Uploaded image for project: 'Swift'
  1. Swift
  2. SR-14273

Working toward a byte code representation for value witnesses

    XMLWordPrintable

    Details

    • Type: Bug
    • Status: In Progress
    • Priority: Medium
    • Resolution: Unresolved
    • Component/s: None
    • Labels:
      None

      Description

      To reduce code size of value witness functions we propose to model their
      functionality via type layout strings that are to be interpreted by runtime
      functions.

      Today, say you have a ``Pair<T>`` the value witness function to copy such a
      value will contain two function calls to `T->assignWithCopy()``.

      (To be clear this paragraph stems from a time before type layout based value witness generation existed i.e it describes what used to happen if IGM.getOptions().UseTypeLayoutValueHandling == false)

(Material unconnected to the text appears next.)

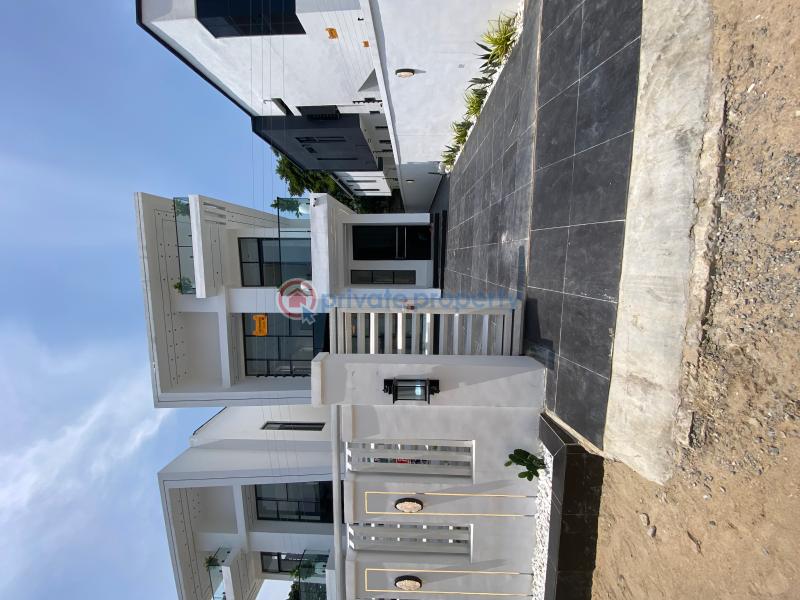 5 bedroom Detached Duplex For Sale Chevron Drive Lekki Lagos - 0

      Pair* Pair::assignWithCopy(Pair* dest, Pair* src, M* self) {
        auto *T = self.T_metadata;
        T->assignWithCopy(dest, src, T);
        T->assignWithCopy(dest+self.offsetOfSecondProperty,
                          src+self.offsetOfSecondProperty,
                          T);
        return dest;
      }
      

      This becomes worst as we nest types.

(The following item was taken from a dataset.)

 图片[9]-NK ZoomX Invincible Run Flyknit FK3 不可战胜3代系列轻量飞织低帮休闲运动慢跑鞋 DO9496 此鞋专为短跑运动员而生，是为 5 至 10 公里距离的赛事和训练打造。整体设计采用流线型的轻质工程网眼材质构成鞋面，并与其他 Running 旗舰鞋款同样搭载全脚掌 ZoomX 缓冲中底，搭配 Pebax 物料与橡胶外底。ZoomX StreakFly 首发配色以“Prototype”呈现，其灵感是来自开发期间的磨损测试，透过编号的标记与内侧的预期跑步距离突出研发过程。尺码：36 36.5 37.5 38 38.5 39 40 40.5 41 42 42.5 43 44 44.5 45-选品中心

      struct Container<T> {
        var first: Pair<T>
        var second: Pair<T>
      }
      
      Container* Container::assignWithCopy(Container* dest, Container *src, M *self) {
        auto *T = M.T_metadata;
        T->assignWithCopy(dest, src, T);
        auto *PairOfT = getGenericMetdata(Pair, T);
        T->assignWithCopy(dest + PairOfT.offsetOfSecondProperty, ..., T)
        T->assignWithCopy(dest + self.offsetOfSecondProperty, ..., T)
        T->assignWithCopy(dest + self.offsetOfSecondProperty +
                                 PairOfT.offsetOfSecondProperty,
                          ..., T)
      }
      

      This approach has two drawbacks:

      • Code size, the value witness function require quite a bit of space.
          Furthermore, because the above value witness is slow (because it creates the
          metadata for stored property members) we create outlined value functions for
          concrete instantiations of a type.
          let y = Container(first: Pair(1, 1), second: Pair(2, 2))
          var x = y
        

          In this code instead of calling the value witness we create a specialized
          version that has knowledge of the types involved and therefore does not need
          to call getGenericMetadata.

      • Performance, in order to compute field offsets we instantiate metadata for the
          field's type.

      Layout strings:

      Instead of generating code for the value witness function we propose to compute
      a type layout and store a byte string representation of it that is to be
      interpreted by the runtime to achieve the copy.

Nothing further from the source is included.